Communiqué de presse du collectif “Tract des Linguistes”, 10 juillet 2023
L’association « Tract des linguistes » a été interpellée par la récente déclaration du ministre de l’Éducation Pap Ndiaye le 9 juillet au micro de Radio J. Cette déclaration, qui s’inscrit dans une longue tradition, entretient à la fois la confusion connue entre maitrise de la langue et maitrise de l’orthographe, et l’illusion que les causes multiples de la baisse des performances en orthographe pourraient trouver une solution facile et rapide.
L’orthographe de 1878 n’est plus enseignable depuis longtemps, dans le temps imparti aux cours de français. Ce n’est pas par accident que la majorité des francophones, toutes classes sociales confondues, font des erreurs d’orthographe de manière courante. Il est inutile de faire croire qu’on peut revenir au temps où on consacrait une large part du temps scolaire uniquement à l’orthographe, la conjugaison des verbes irréguliers et l’accord du participe passé.
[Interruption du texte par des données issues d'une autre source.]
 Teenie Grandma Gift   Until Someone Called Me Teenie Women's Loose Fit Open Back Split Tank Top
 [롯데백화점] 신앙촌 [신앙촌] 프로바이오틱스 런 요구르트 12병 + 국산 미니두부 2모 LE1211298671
Pour remédier à la situation actuelle, il faudrait :
– plus d’histoire de la langue pour donner du sens à cet enseignement et non des règles arbitraires présentées comme immuables ;
– plus de rédaction en classe (comme le propose justement le ministre), mais avec l’aide des correcteurs automatiques pour pouvoir se concentrer sur le lexique, les structures grammaticales, la créativité et l’argumentation, en attendant de réformer l’orthographe ;
– appliquer réellement les rectifications orthographiques de 1990 et dépénaliser l’invariabilité du participe passé avec « avoir » dans tous les manuels et éditions scolaires, comme le demandent de nombreuses fédérations de professeurs de français depuis plusieurs années ;
– ouvrir urgemment le chantier d’une nouvelle réforme de rationalisation de l’orthographe.
En l’état, les pistes proposées par le ministre ne seraient pas plus « justes ». Au contraire, elles accentueraient encore un peu plus les inégalités sociales déjà très importantes dans notre pays.